If systems thinking is all about complex interactions between many interdependent parts, the opposite then has to be linear thinking (hardly an original thought!).
Linear thinking involves a simple cause and effect between two variables that operate in predictable ways.
Think, “If A goes up, B will also go up by X%.”
Framed this way, it’s easier to see why systems thinking has become so valued. Very few situations have such a clear, simple cause and effect. There are always extraneous factors involved that generate unpredictable side effects.
A linear approach would assume that when incoming support volume increases by 20%, we’ll need 10 additional hours of agent time to clear the queue.
Anyone that’s worked in customer support understands that it’s rarely this cut and dry.
The linear approach fails to consider many ways the support system will naturally evolve as a result. For example, agents will probably begin responding faster after seeing more tickets flooding in. They might also develop a new suite of predefined replies further increasing RPH.

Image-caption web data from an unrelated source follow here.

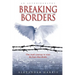 Breaking Borders: One Man's Journey to Erase the Lines That Divide.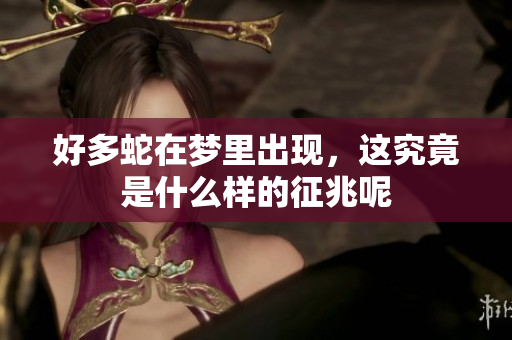 好多蛇在梦里出现，这究竟是什么样的征兆呢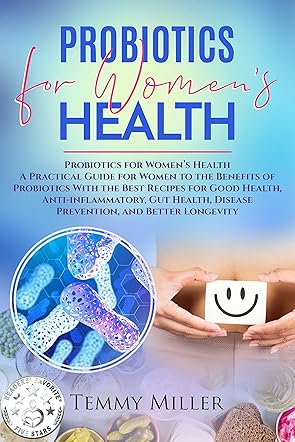 Probiotics for Women’s Health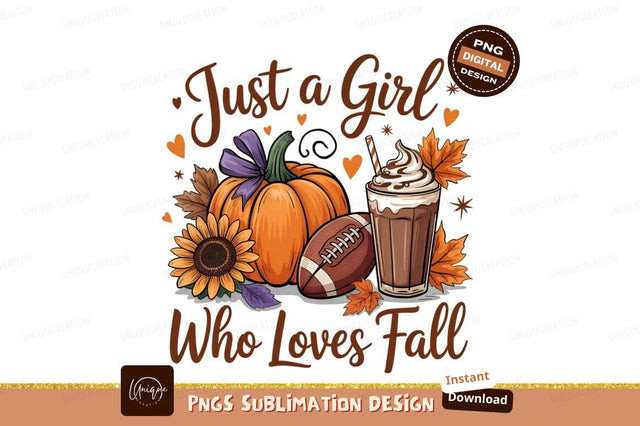 Just A Girl Who Loves Fall Sublimation Designangry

Compared to linear thinking, a systems perspective embraces complexity, understands how items are connected, and appreciates that situations are rarely simple.
Applying systems thinking to Support volume
Let’s take this systems thinking lens and apply it to a topic I’ve been thinking a lot about - support volume and SLAs. As we gear up for our first product launch at Ness, I’ve been tweaking a support model that anticipates incoming volume and forecasts hiring numbers, SLAs, etc with some decent level of accuracy. We’ll improve this over time as we get real numbers, but this gives us a starting point.
Side note: If you read Thinking in Systems (encouraged!) or dig deeper on the topic, you’ll start to read about terms like stock, stabilizing loops, feedback, etc. We’ll keep it simple though for now.
Our system includes incoming ticket volume and outgoing agent replies that culminate in a reply time SLA (service-level agreement). I’ll subject you to some rudimentary drawings to drive the point home.
A linear model would assume that almost everything is constant - incoming tickets are evenly spaced throughout the day, replies per hour are held constant, etc - making it very easy to predict what SLAs we could be striving for.
A systems approach understand that there are a variety of factors at play that will influence each piece of the chain. Some quick ones that come to mind include:
Contact rate and time distribution throughout the day
Percent of customers that self-serve
Distribution across channels (phone vs. email)
Product design and contact discoverability (how easy/hard it is to contact support)
Replies to resolution (which means each incoming ticket is essentially 2-3x tickets)
Agent replies per hour
Internal tool efficiency
Training and agent setup
Scheduling vs. ticket volume (are agents waiting on tickets or do they have a queue?)
The point of drawing this complex model isn’t to get specific numbers in place for every factor; it’s to highlight the many levers you have at your disposal to impact the entire system.
Let’s imagine, for example, that your goal was to speed up your reply times. Even with just the quick list above, you have so many options. You could increase demands on your team, but you could also:
Improve the efficiency of internal tools so it’s easier for them to respond to tickets.
Change the intake form to automatically categorize requests and bucket them so agents can batch replies.
Tweak agent scheduling so everyone is dispersed throughout the day versus stepping on one another in the queue.
Wrapping it all up
Again, the purpose of systems thinking in my mind isn’t to list out every single factor that could influence a situation. Rather, it’s just to realize that the situation you’re facing is likely very complex.
Tweaking one thing will likely result in some unforeseen changes somewhere else. Stepping back and considering the whole system will give you a better understanding of how pieces work together and the variety of tools at your disposal.
That all adds up to more effective outcomes.